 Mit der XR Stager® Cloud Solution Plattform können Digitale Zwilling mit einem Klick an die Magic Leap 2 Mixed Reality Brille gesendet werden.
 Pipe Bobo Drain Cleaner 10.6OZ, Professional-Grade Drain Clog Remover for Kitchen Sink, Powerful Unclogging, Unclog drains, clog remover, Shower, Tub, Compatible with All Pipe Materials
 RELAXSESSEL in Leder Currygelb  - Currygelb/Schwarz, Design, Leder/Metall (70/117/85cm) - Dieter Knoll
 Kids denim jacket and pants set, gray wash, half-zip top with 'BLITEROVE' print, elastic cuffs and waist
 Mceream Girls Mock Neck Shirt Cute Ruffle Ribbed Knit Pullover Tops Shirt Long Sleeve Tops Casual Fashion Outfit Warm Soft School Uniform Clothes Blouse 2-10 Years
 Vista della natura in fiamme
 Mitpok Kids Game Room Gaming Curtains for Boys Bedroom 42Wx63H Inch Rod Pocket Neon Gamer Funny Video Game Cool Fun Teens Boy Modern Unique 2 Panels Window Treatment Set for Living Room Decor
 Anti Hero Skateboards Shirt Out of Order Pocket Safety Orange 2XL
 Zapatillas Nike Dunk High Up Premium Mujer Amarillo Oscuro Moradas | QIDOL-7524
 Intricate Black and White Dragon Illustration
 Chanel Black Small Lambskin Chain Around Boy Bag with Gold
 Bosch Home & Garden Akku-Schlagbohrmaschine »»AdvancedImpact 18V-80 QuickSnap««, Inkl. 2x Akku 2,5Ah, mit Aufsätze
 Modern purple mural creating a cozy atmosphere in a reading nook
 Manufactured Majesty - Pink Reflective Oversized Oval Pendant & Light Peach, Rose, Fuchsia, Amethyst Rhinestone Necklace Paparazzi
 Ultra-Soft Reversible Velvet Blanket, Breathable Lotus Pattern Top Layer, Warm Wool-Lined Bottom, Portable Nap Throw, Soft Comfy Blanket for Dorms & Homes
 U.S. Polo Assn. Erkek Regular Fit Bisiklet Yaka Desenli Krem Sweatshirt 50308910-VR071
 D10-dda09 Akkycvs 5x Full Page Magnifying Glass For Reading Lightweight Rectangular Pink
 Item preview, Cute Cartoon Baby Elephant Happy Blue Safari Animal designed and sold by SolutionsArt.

## Problem
After locating the line holding "Kids denim jacket" above, output exactly that line and every line after it through the line holding "U.S. Polo Assn.". Include nothing else.

## Exercise solution
 Kids denim jacket and pants set, gray wash, half-zip top with 'BLITEROVE' print, elastic cuffs and waist
 Mceream Girls Mock Neck Shirt Cute Ruffle Ribbed Knit Pullover Tops Shirt Long Sleeve Tops Casual Fashion Outfit Warm Soft School Uniform Clothes Blouse 2-10 Years
 Vista della natura in fiamme
 Mitpok Kids Game Room Gaming Curtains for Boys Bedroom 42Wx63H Inch Rod Pocket Neon Gamer Funny Video Game Cool Fun Teens Boy Modern Unique 2 Panels Window Treatment Set for Living Room Decor
 Anti Hero Skateboards Shirt Out of Order Pocket Safety Orange 2XL
 Zapatillas Nike Dunk High Up Premium Mujer Amarillo Oscuro Moradas | QIDOL-7524
 Intricate Black and White Dragon Illustration
 Chanel Black Small Lambskin Chain Around Boy Bag with Gold
 Bosch Home & Garden Akku-Schlagbohrmaschine »»AdvancedImpact 18V-80 QuickSnap««, Inkl. 2x Akku 2,5Ah, mit Aufsätze
 Modern purple mural creating a cozy atmosphere in a reading nook
 Manufactured Majesty - Pink Reflective Oversized Oval Pendant & Light Peach, Rose, Fuchsia, Amethyst Rhinestone Necklace Paparazzi
 Ultra-Soft Reversible Velvet Blanket, Breathable Lotus Pattern Top Layer, Warm Wool-Lined Bottom, Portable Nap Throw, Soft Comfy Blanket for Dorms & Homes
 U.S. Polo Assn. Erkek Regular Fit Bisiklet Yaka Desenli Krem Sweatshirt 50308910-VR071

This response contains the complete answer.